Method 2: Bottleneck Integration
Technical Approach
The bottleneck integration method (implemented as GazeAttnCNN) processes RGB and gaze separately before combining them:
RGB → CNN → RGB Features
Gaze → Lightweight CNN → Gaze Features
RGB Features + Gaze Features (via attention) → Fused Features
We implemented a cross-attention mechanism:
# Process RGB and gaze separately
rgb_feats = self.rgb_backbone(x)
gaze_feats = self.gaze_encoder(gaze_heatmap)
# Use gaze features as query, RGB features as key and value
q = self.query_proj(gaze_feats)
k = self.key_proj(rgb_feats)
v = self.value_proj(rgb_feats)
# Calculate attention and apply to values
attn = torch.matmul(q, k.transpose(-2, -1)) * self.attention_scale
attn = F.softmax(attn, dim=-1)
out = torch.matmul(attn, v)
Implementation Details
The architecture consists of:
- RGB Backbone: ResNet18 up to the final pooling layer
- Gaze Encoder: A lightweight CNN with fewer layers
- Cross-Attention Module: Projects features to query, key, and value spaces
- Output Projection: Global pooling and final feature projection
This architecture allows the network to first extract features from RGB and gaze independently, then use gaze features to guide the attention on RGB features, similar to how human attention works.
Theoretical Advantages
Bottleneck integration offers several advantages:
- Specialized Processing: Different network branches can specialize in RGB and gaze feature extraction
- Controlled Information Flow: The attention mechanism explicitly controls how gaze information influences visual features
- Interpretable Intermediate Representations: The attention weights reveal which parts of the RGB features are emphasized
- Flexibility: The architecture can be adapted to different attention mechanisms (multi-head, self-attention, etc.)

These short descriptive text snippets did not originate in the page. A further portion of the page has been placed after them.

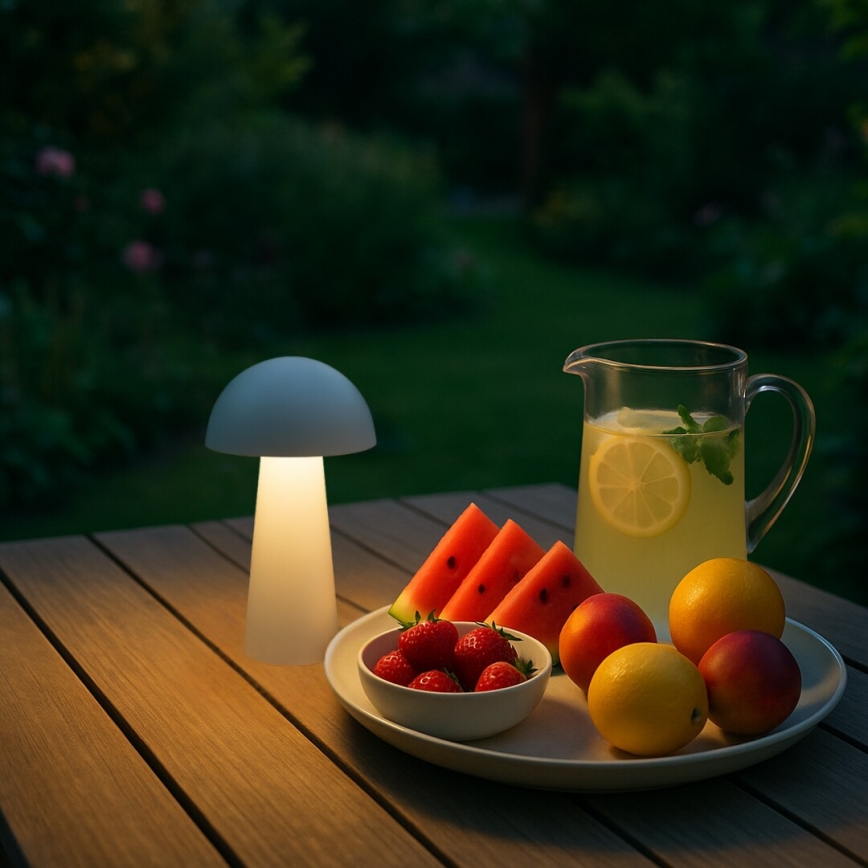 Rabalux - himmennettävä kosketusohjattu ladattava ulkovalaisin LED-lamppu 1,5 W / 5 V, IP44, 1200 mAh, USB, valkoinen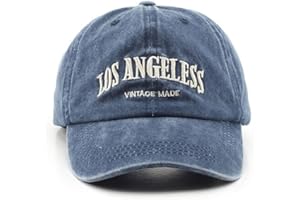 MIGTEC Gorra Beisbol Ajustable y Bordada de Los Ángeles, de Tela Vaquera, Algodón 100%. para Hombres y Mujeres. Color Azul.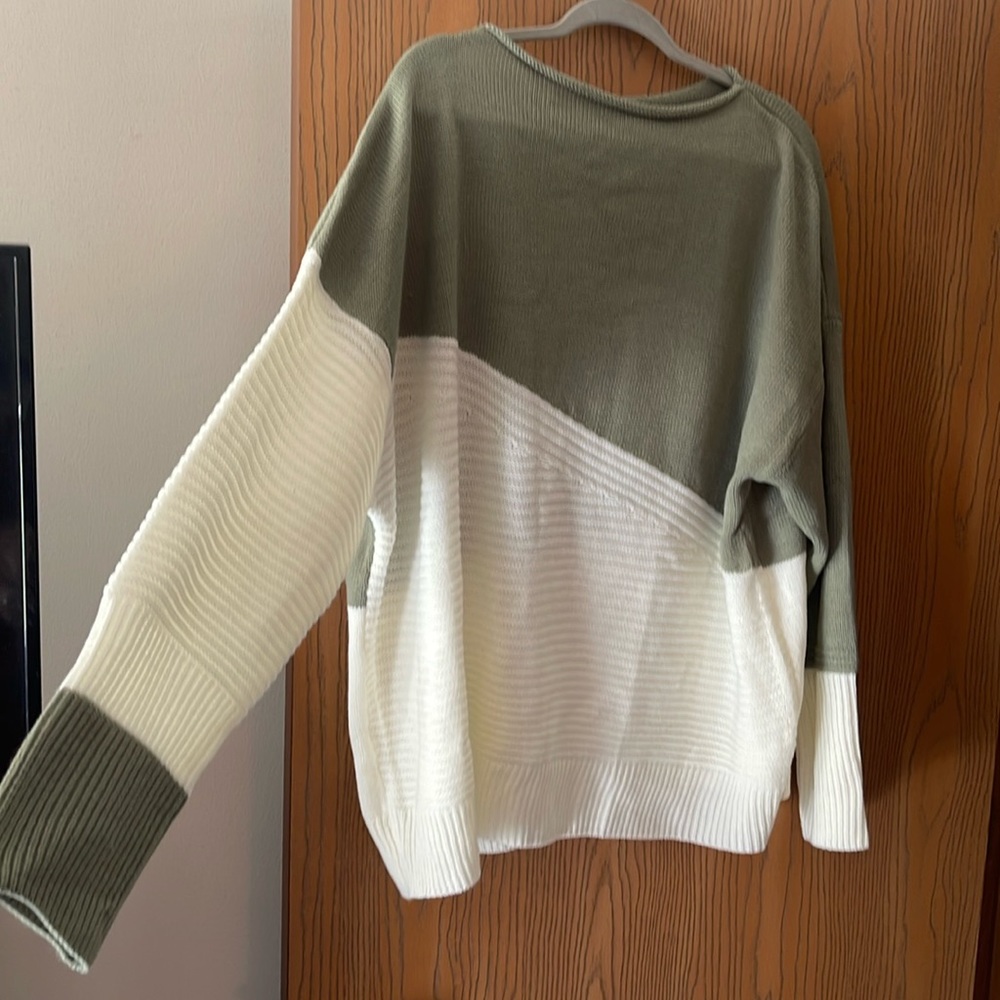 Sage green and cream plus size sweater from Temu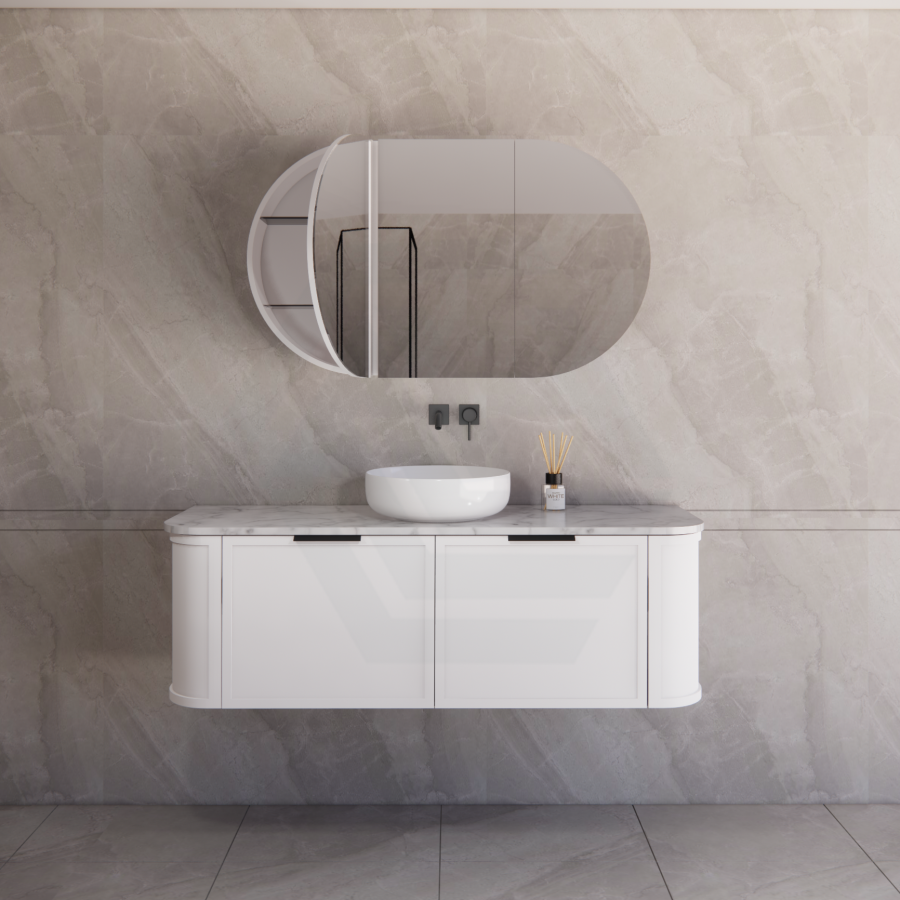 600-1500mm Houston Matt White/Black Plywood Curved Wall Hung Vanity With Variant Color Handle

The theoretical basis is that attention mechanisms are well-suited for modeling the relationship between gaze and visual features, as they naturally capture the notion of focusing on specific regions.
Method 3: Weighted Integration
Technical Approach
The weighted integration method (WeightedCNN) uses gaze as a spatial modulator for the RGB input:
Gaze → Gaze Processor → Attention Weights
RGB * Attention Weights → Modulated RGB → CNN → Features
Our implementation processes the gaze heatmap to generate per-pixel weights:
# Gaze processor network
self.gaze_processor = nn.Sequential(
nn.Conv2d(1, 16, kernel_size=3, padding=1),
nn.ReLU(),
nn.Conv2d(16, 32, kernel_size=3, padding=1),
nn.ReLU(),
nn.Conv2d(32, 3, kernel_size=1), # 3 channels to match RGB
nn.Sigmoid() # Outputs weights between 0 and 1
)
# Forward pass
attention_weights = self.gaze_processor(gaze_heatmap)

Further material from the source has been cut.